The 1927 College, with comedian Buster Keaton, has been regarded for a long time as the first ‘fictional’ movie with rowing in the plot, at least of those films that have survived and are still available for us to watch today (you will find the full movie here). Read what HTBS has written about College on 21 October 2010 and 1 February 2014.
The wonderful British website “The World of Rabbit”, which has not been updated since April 2008 (when it comes to movies), has an early Hollywood movie mentioned on their list of rowing films and movies, The Young Rajah, though without a release date, while on Row2K list of rowing films and movies from February 2005, it is Keaton’s College that starts the list. This is not in any way strange as the 1922 The Young Rajah, staring Rodolfo Alfonso Raffaello Pierre Filibert Guglielmi di Valentina d’Antonguolla, better known as Rudolph Valentino (1895 – 1926), in the leading role as Harvard student Amos Judd, was regarded as lost during most of the twentieth century until Tuner Classic Movies aired the movie in May 2006.
Wikipedia writes about the movie:
The movie was assembled from poor-quality film clips and still photos, with additional title screens being added to bridge the gaps in the storyline. In addition, some intertitles were taken from a Spanish-language edition, and these were translated and replaced with new title screens.
Regarding the plot, as far as it goes with the rowing scenes, Wikipedia remarks:
After fifteen years, Joshua Judd tells his adopted son, Amos, that his real father was an Indian maharajah overthrown by Ali Khan.

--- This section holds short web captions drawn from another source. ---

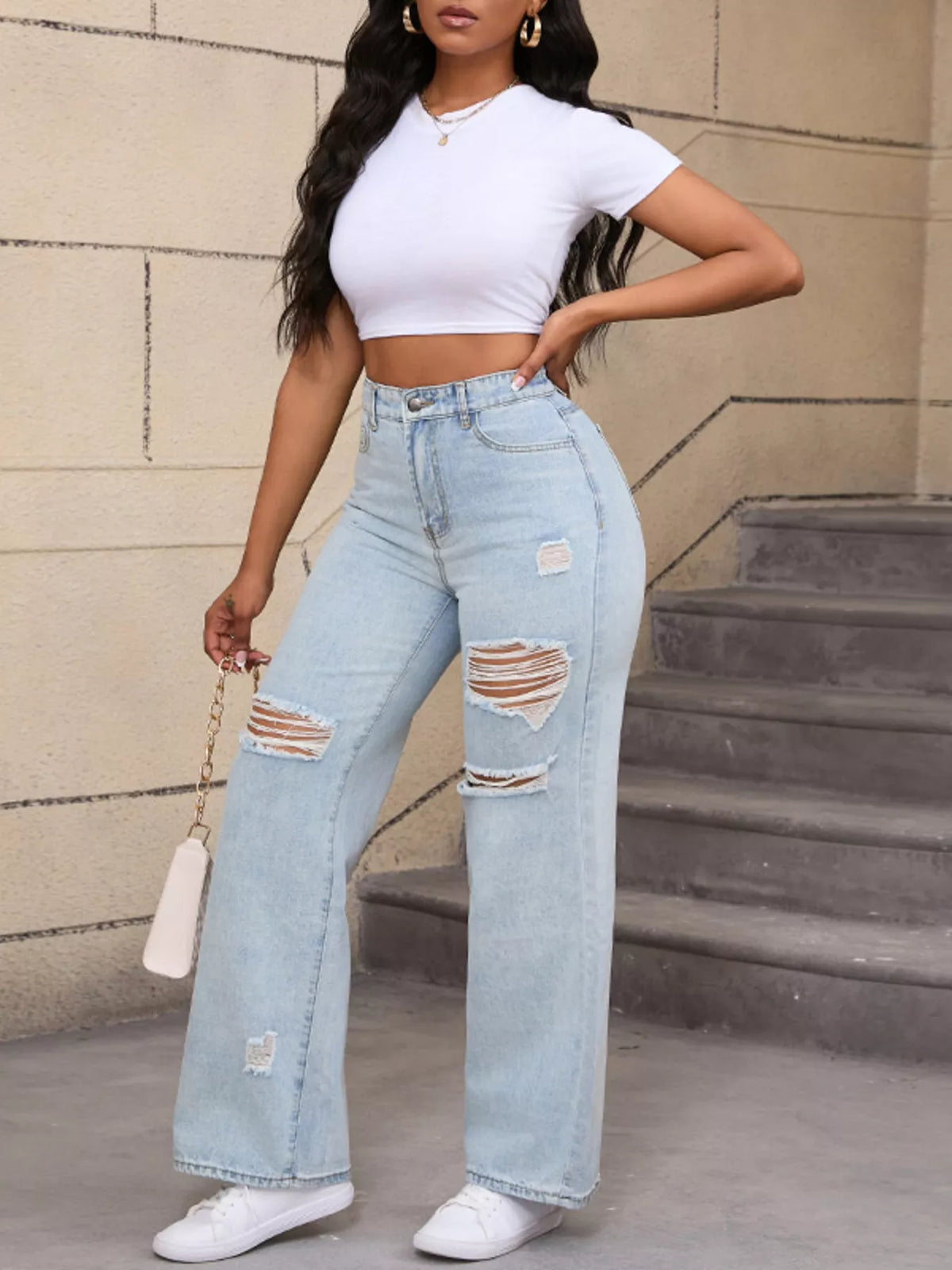 Distressed Wide-Leg Jeans - Lilixa.store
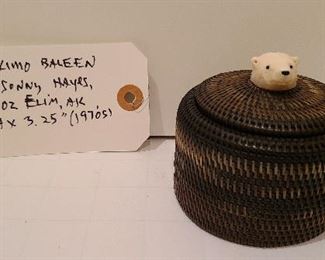 Lot 12 view 1 Eskimo Baleen Basket Polar Bear Finial Sonny Hayes signed 102 Elim AK 2.75 x 3.25 1970s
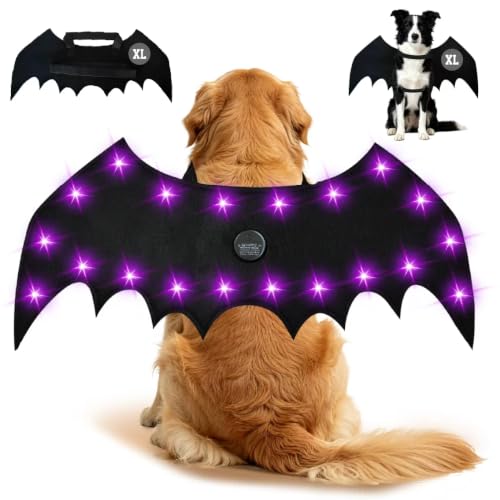 Spooky LED Bat Wings for Pets – 20 Lights, 4 Modes, Adjustable Fit for Cats & Dogs, Lightweight Halloween Costume with Long-Lasting Batteries XL - image 1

Amos, then a young boy, was rescued by General Devi Das Gadi and taken to America for his safety. (Joshua’s merchant brother had been a trusted friend of the late maharajah.)
Amos attends Harvard University. There he incurs the hatred of Austin Slade, Jr., whom he beats out for a spot on the rowing team. At a party celebrating a rowing victory over arch-rival Yale, a jealous Slade calls Amos ‘yellow’ and pours a drink on him, causing Amos to punch him. Slade grabs a chair as a weapon, but Amos ducks, and Slade falls through an open window to his death. Amos is cleared of all wrongdoing…
(To read the full description of the movie on Wikipedia, click here.)
As a matter of fact, on 23 August 2013 a couple of minutes of the movie – luckily for us, the rowing scenes – were posted on YouTube, showing, as is mentioned above, both rolling film clips and still photos. Amos Judd’s shirtless Harvard crew, with Amos as stroke, beat Yale, and after passing the finish line, Amos can wave to his female fans and give them one of his seductive smiles. The following title card wrap up two of Valentino’s many attributes: ‘Mr. Judd has such wonderful muscles and such magnetic and soulful eyes!’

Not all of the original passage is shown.